I am using GCP to deploy the Snowplow data pipeline. I am currently using the monitor.metrics.stdout in enrich configuration file to monitor the good and bad events number, but I am not sure if there is any other way I can get these logs information out to use. And I am also wondering whether there is any similar function in the collector and BigQuery loader, mutator configurations. Or other tools you would suggest using for monitoring?


Hi @phxtorise, it’s great that you’re using the metrics. We’re excited about this new feature in the Snowplow pipeline, because of the opportunities it brings for observing pipeline health.

As well as stdout metrics, enrich also emits metrics in statsd format. Statsd is a popular 3rd party open source tool that listens for events sent over UDP and forwards them to a pluggable backend. We like the statsd format because the pluggable nature means we hopefully enable more users to explore the metrics in many different ways. Also, it’s not free, but this metrics format is also understood by Datadog.

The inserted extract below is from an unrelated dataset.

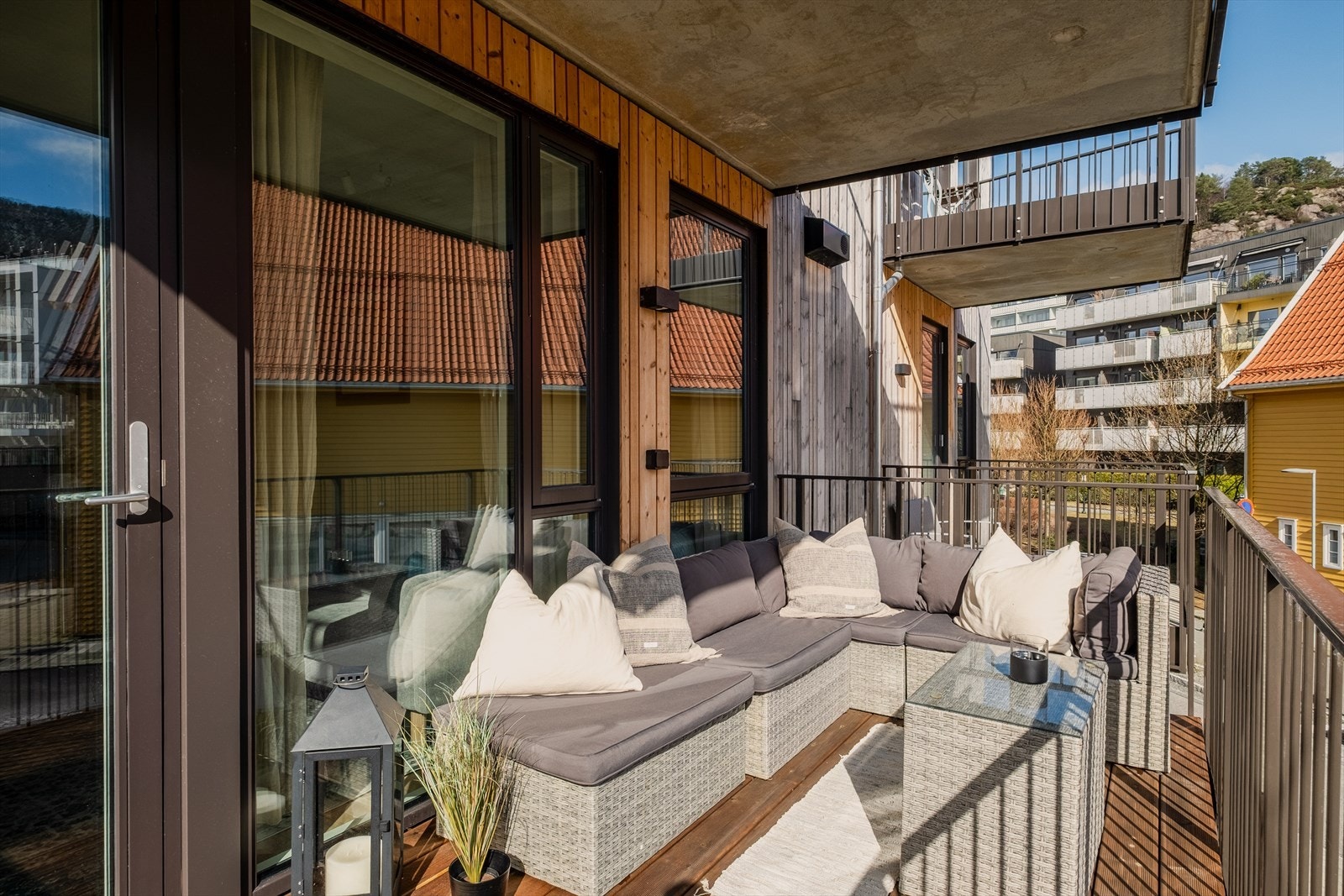 - Få alt du måtte ønske; sjøutsikt, gode solforhold fra privat balkong på 9,2 m² + felles terrasse, heisadkomst til leilighet og mulighet for å kjøpe garasjeplass - Galleribilde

There is documentation about using enrich and statsd over here, and see the monitoring.metrics.statsd options in the configuration reference.

And yes we do support metrics in the collector and BigQuery loader! For BigQuery loader, here are the relevant fields of the configuration reference. We don’t seem to have any documentation for the collector statsd metrics (yet - it’s very new) but here is an example configuration in the github repo.

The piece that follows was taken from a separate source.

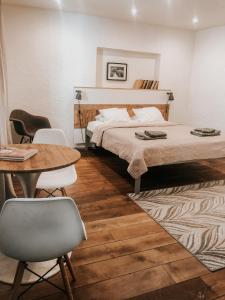 库尔迪加巴洛兹2酒店的卧室配有一张床和一张桌子及椅子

Not for you, but in case aws pipeline users are reading this… we also have documentation for statsd metrics in the S3 loader and in the RDB loader.


I am currently investigating monitoring approaches and never worked with statsd. We are using Datadog so it would be kind of obvious to use statsd.

Question: I am having a hard time to understand the benefits of statsd vs. GCP cloud monitoring policies (which are in place for BDP customers). Are the metrics basically the same but statsd is just the standard to consume the data in 3rd Party tools like datadog? If so, it it’s probably not worth the effort to develop a datadog consumer if GCP cloud monitoring offers that out of the box?

Kind regards.